8) All other points, which have been raised by the Amici Curiae in their preliminary report and written submissions and not considered herein, shall be the subject matter of deliberation by the aforementioned Committee. Any other issue relating to expeditious disposal of complaints under Section 138 of the Act shall also be considered by the Committee.” 13. Thus from the above decision, it is found out that in cases filed under Section 138 of the NI Act, directions have been issued to all the High Courts to record reasons before converting the trial of the complaints under Section 138 of the NI Act from summary trial to summons trial and inquiry shall be conducted on receipt of the complaints under the NI Act accompanying with sworn affidavit to arrive at sufficient grounds to proceed against the accused when the accused resides beyond the territorial jurisdiction of the Court.
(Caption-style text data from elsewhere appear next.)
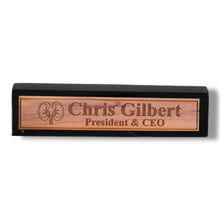 Load image into Gallery viewer, Desk Wedge Name Plate - PERSONALIZED - Kidney - 11 Inches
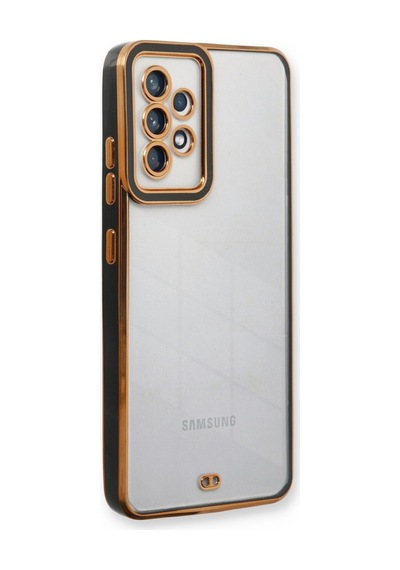 Samsung Galaxy A33 5g Kılıf Liva Lens Silikon - Siyah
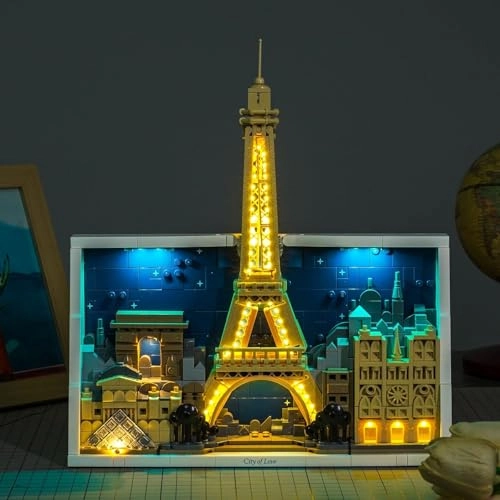 Light kit Compatible with Lego 21064 Paris – City of Love - RC Version LED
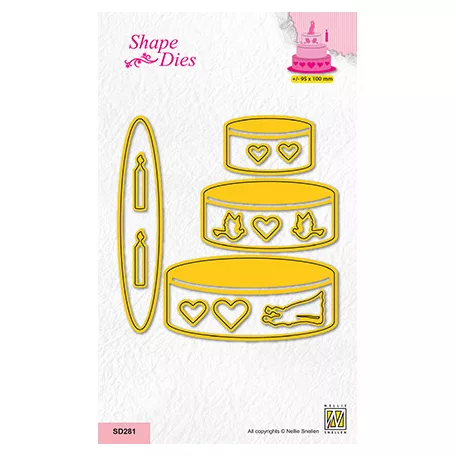 Nellie's Choice Vágósablon - Weddingcake - Cutting Die (1 csomag)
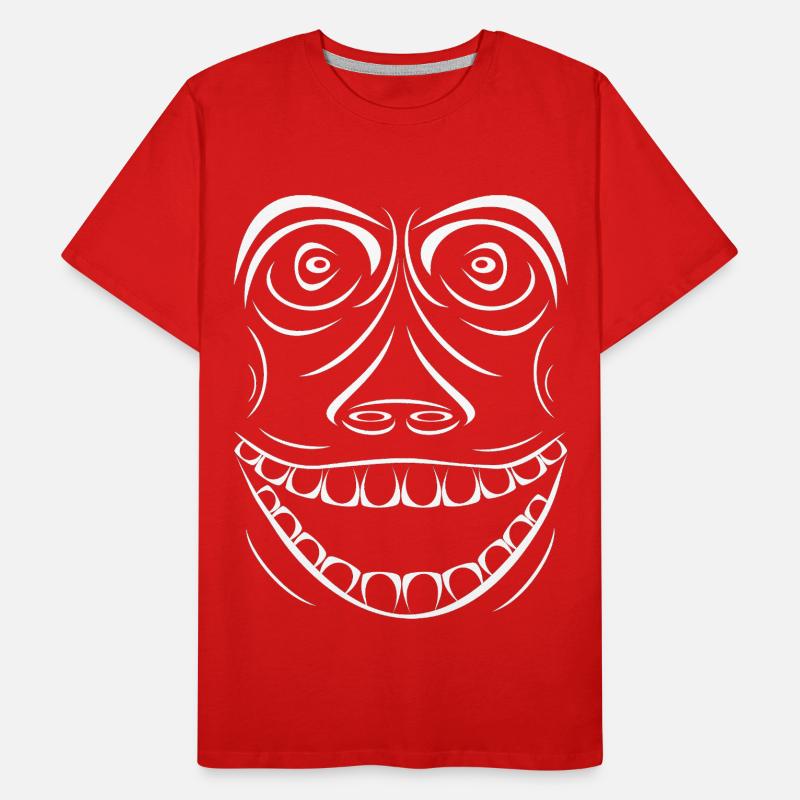 Funny monkey without smallpox Men's Premium Organic T-Shirt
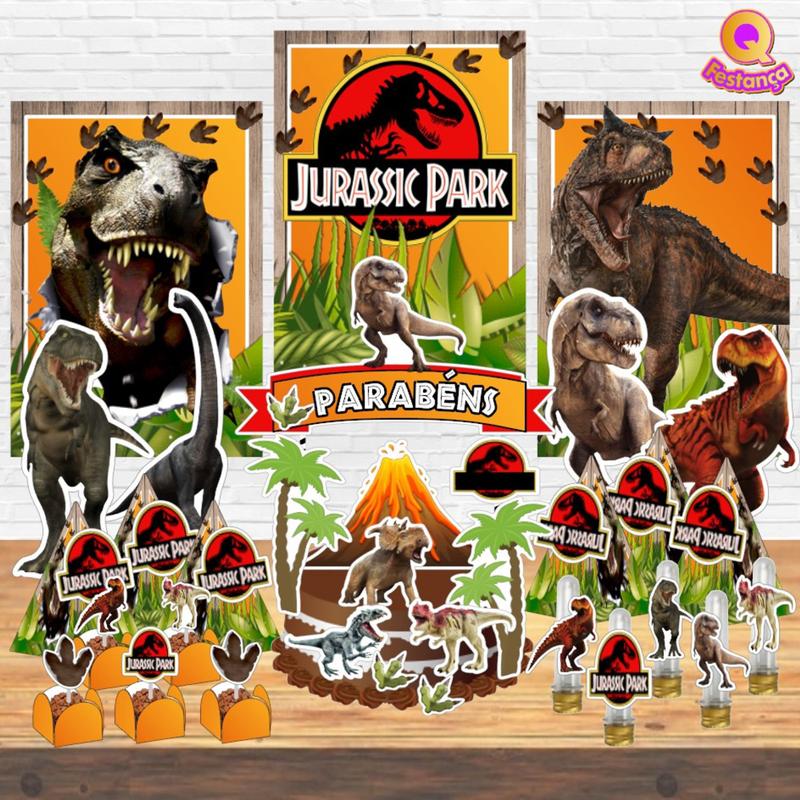 Como Fazer Toppers Personalizados para Bolo Jurassic Park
Thus in the facts of the present case, as discussed above, the applicant is resident of Bhavnagar district and documents in that regard are produced on record by the applicant, therefore, it was necessary for the learned Magistrate concerned to conduct inquiry under Section 202 of the CrPC, which in the facts of the present case, is missing. Therefore in view of the decision of the Constitution Bench, the present application deserves to be allowed issuing appropriate direction. 14. In view of the above facts of the case, this petition stands allowed partly and the impugned order dated 11.08.2015 passed by the learned Additional Chief Metropolitan Magistrate, Negotiable Instrument Act Court No.35, Ahmedabad in Criminal Case No.1001/2015 issuing process upon the applicant is hereby quashed and set aside and the learned Magistrate is hereby directed to proceed from the stage of Section 202 of the CrPC taking into consideration the directions issued by the Constitution Bench and such inquiry shall be conducted as expeditiously as possible. 15. Rule is made absolute to the aforesaid extent. Direct service is permitted.